Academic provost Nancy Mergler said the percentage of grades in each college is not an accurate representation of the average abilities of students because it does not take into consideration the weight of each grade.
However, the average GPA has increased from 3.06 in fall 2004 to 3.10 in fall 2010, Mergler said. She does not see this as grade inflation but rather an increase in the academic preparedness of students entering OU.
OU does not have an institutional policy on grades or grade inflation in place, Mergler said. Faculty and staff have varying viewpoints about how to gauge students, so OU does not put restrictions in place.
The Jeannine Rainbolt College of Education had the highest offered A’s in courses 82.9 percent of the time, according to records. The next highest were the OU Honors College with 73.76 percent and the Weitzenhoffer Family College of Fine Arts with 67.41 percent.
The College of Education does not have any policies regarding grade inflation, Communications Director Christine Frank said. The administration credits the high grades to high admission standards within the college.
“We are very concerned about only sending the best and the brightest into Oklahoma classrooms, because of this, our students have to reach high standards to pursue a career in teaching,” said Dr.

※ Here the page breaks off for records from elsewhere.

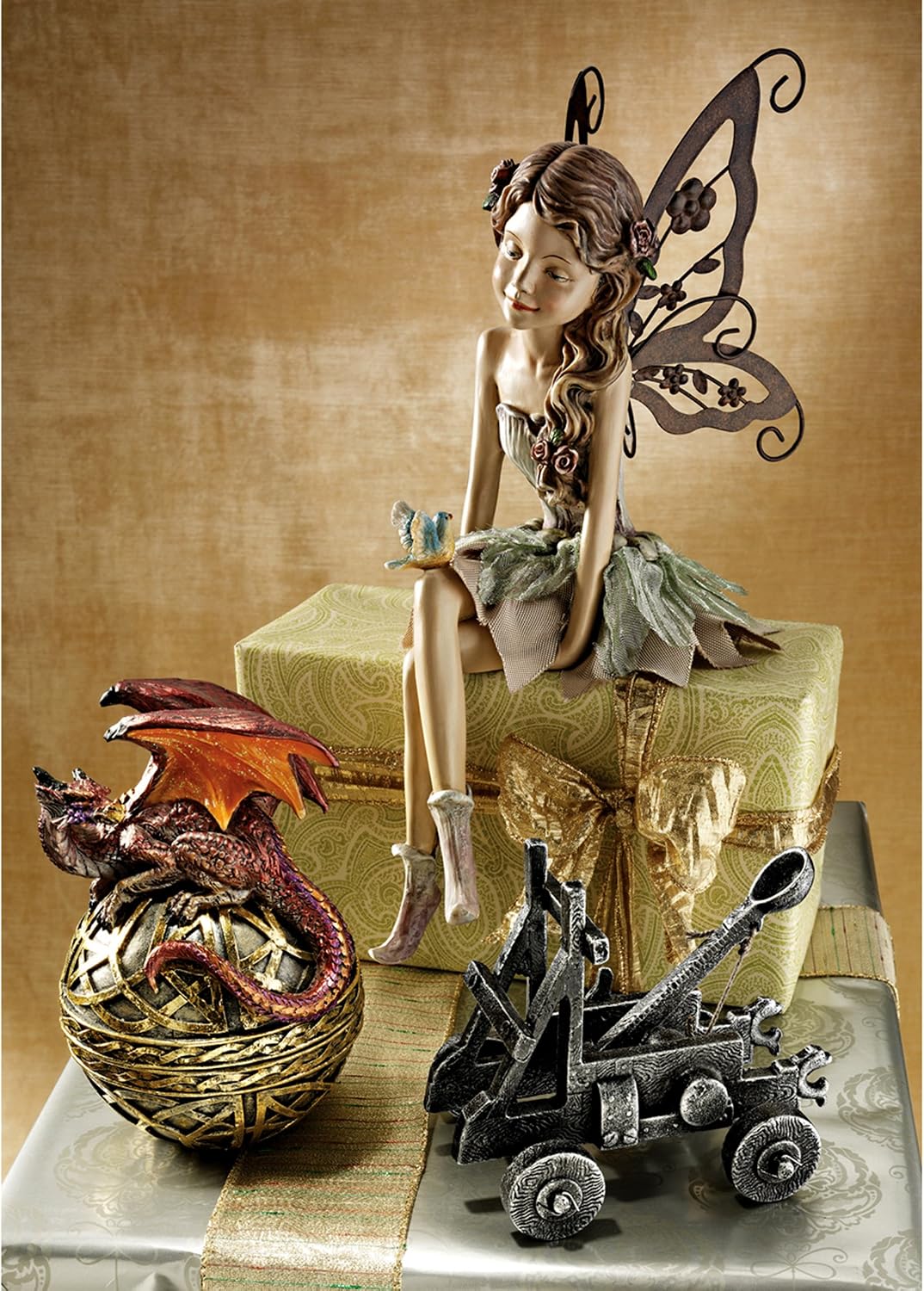 Design Toscano KY71004 Fiona The Flower Fairy Garden Statue, 17 Inch, Antique Stone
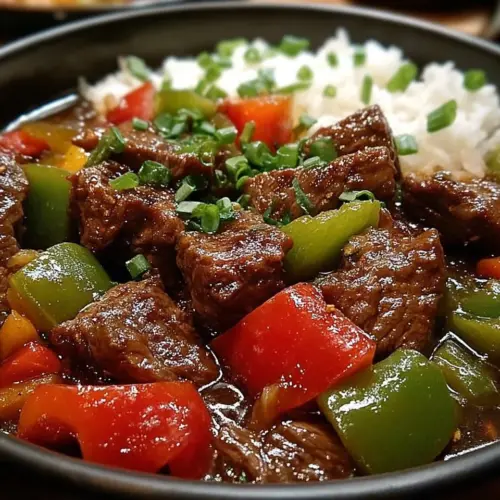 Delicious Pepper Steak cooked in a Crock Pot with vegetables and spices.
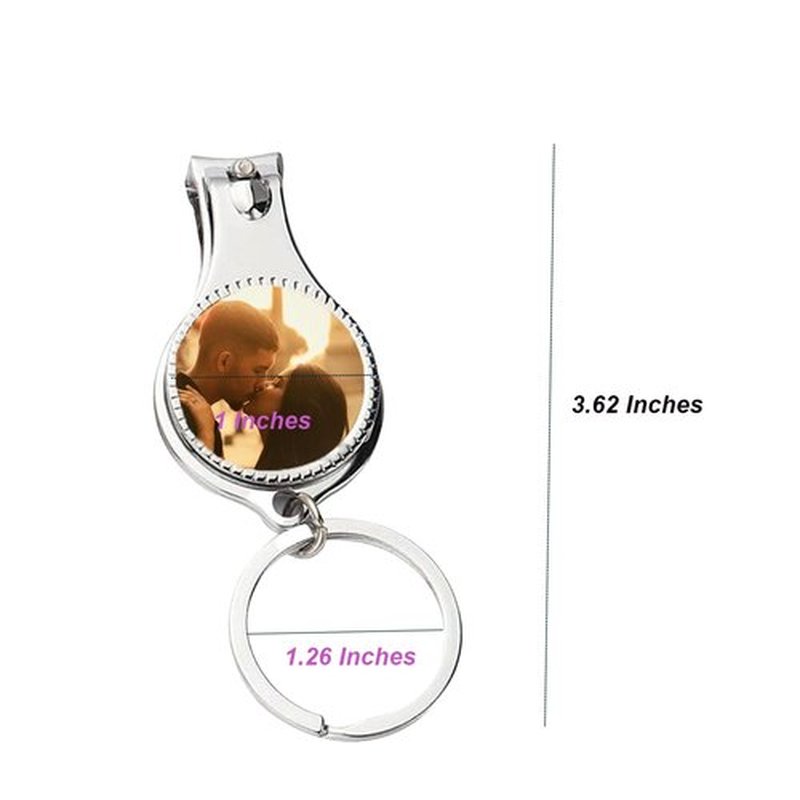 Frinnovan 10 Pack Sublimation Fingernail Clipper with Blanks Metal Toe Nail Clippers Personalized Bottle Opener Nail Cutter Trimmer for DIY Photo Crafts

Teresa DeBacker.
At the lowest end of the scale is the Price College of Business, which gave 31.03 percent A’s in fall 2011 and was the only college to give more B’s that semester, which totaled 43.10 percent.
Even with the lowest percentage of A’s, the college has seen an increase in higher-level grades, according to reports; in fall 2002, As made up 23.74 percent and B’s were 41.90 percent.
The college does not have a policy about grades, but administrators do take grade distributions into consideration when evaluating professors.
“When the faculty are evaluated in the college, vigor, including grading vigor, is among the things looked at when deciding if a faculty member is doing his or her job,” Associate Dean Nim Razook said.
The college also has a culture in which it emphasizes vigor in its courses and training students, Razook said.
However, Razook said he emphasized that this mindset and culture is not only within the business college, but also in
others across campus.
“It’s just a matter of culture, I guess,” Razook said. “In some way I am glad that we’re relatively less lenient in passing out A’s, but I don’t think it’s because of any reason other than culture.”